计算机工程与应用 ›› 2022, Vol. 58 ›› Issue (13): 164-170.DOI: 10.3778/j.issn.1002-8331.2012-0301

• 模式识别与人工智能 • 上一篇    下一篇

基于RoBERTa的社交媒体会话中的讽刺检测模型

魏鹏飞,曾碧,廖文雄   

  1. 广东工业大学 计算机学院,广州 510000
  • 出版日期:2022-07-01 发布日期:2022-07-01

RoBERTa-Based Sarcasm Detection Model in Conversation Threads from Social Media

WEI Pengfei,  ZENG Bi,  LIAO Wenxiong   

  1. School of Computer Science and Technology, Guangdong University of Technology, Guangzhou 510000, China
  • Online:2022-07-01 Published:2022-07-01

摘要: 讽刺是社会媒体中常用的修辞手法,在一些社交平台上(Twitter、Reddit)普遍存在,用比喻、夸张等方式对人或事进行否定、批评或嘲笑。讽刺检测任务对于理解人们实际的情感和信念至关重要。针对拥有会话上下文的目标文本进行讽刺检测,提出了一种基于RoBERTa的社交媒体会话中的讽刺检测模型。该模型主要由两个部分构成:前者是特征抽取层,采用更加鲁棒的迁移学习模型RoBERTa,对会话上下文文本和目标文本分别进行特征的学习;后者是特征融合层,由于目标文本是对会话上下文的回复,考虑到单纯的级联并不能很好地学习两者之间的对话关系,采用了改进版的attention-over-attention(AOA)注意力模型,使得目标文本可以关注到会话上下文中重要的信息。在公开的Twitter和Reddit两个数据集上进行了实验,验证了模型的有效性,还分析了对于目标文本的讽刺检测,有无会话上下文以及会话上下文数量的多少对模型性能的影响。
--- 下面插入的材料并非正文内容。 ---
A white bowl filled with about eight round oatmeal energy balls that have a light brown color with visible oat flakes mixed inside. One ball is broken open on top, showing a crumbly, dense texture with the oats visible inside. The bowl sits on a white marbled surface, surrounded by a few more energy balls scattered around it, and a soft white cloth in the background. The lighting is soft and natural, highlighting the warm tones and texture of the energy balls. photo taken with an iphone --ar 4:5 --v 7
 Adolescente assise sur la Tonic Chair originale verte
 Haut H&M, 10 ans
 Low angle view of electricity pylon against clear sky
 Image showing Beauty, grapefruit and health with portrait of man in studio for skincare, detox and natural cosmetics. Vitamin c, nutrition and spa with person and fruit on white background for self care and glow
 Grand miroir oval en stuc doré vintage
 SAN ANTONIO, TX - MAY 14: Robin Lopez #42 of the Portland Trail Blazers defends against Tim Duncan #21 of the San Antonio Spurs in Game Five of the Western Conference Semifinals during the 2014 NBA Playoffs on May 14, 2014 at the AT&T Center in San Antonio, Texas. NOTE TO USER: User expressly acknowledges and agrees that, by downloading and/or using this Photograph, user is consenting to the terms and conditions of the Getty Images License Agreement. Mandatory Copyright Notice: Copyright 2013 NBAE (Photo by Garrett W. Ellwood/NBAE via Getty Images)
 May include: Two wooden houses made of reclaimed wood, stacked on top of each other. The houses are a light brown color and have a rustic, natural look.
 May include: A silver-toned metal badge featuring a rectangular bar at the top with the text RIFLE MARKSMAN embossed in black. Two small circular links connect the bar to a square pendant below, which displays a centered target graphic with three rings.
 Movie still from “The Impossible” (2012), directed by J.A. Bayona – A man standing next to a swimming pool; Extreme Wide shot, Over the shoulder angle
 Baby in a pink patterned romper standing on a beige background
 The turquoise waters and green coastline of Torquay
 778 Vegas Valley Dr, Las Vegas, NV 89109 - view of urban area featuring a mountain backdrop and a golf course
关键词: 自然语言处理, 深度学习, 讽刺检测, 迁移学习, 注意力机制, 一维卷积, 二分类

Abstract: Sarcasm is a commonly used rhetorical technique in social media, which is wide spread on some social platforms(Twitter, Reddit), using metaphors and exaggerations to negate, criticize or laugh at people or things. The task of sarcasm detection is essential for understanding people’s actual emotions and beliefs. For sarcasm detection of target text with conversational context, this paper proposes a RoBERTa-based sarcasm detection model in conversation threads from social media. This model is mainly composed of two parts:the former is a feature extraction layer, which uses a more robust transfer learning model RoBERTa to learn features of the conversational context and target text respectively; the latter is a feature fusion layer, since the target text is a response to the context of the conversation, considering that the simple concatenation cannot learn the dialogue relationship between the two very well, this model introduces an improved version of attention-over-attention(AOA) attention module, so that the target text can pay attention to the important information in the conversation context. Finally, experiments are conducted to verify the effectiveness of the model on the public Twitter and Reddit datasets. For the sarcasm detection of the target text, it also analyzes the influence of whether there is a conversation context or not and the number of conversation context utterances on the performance of the model.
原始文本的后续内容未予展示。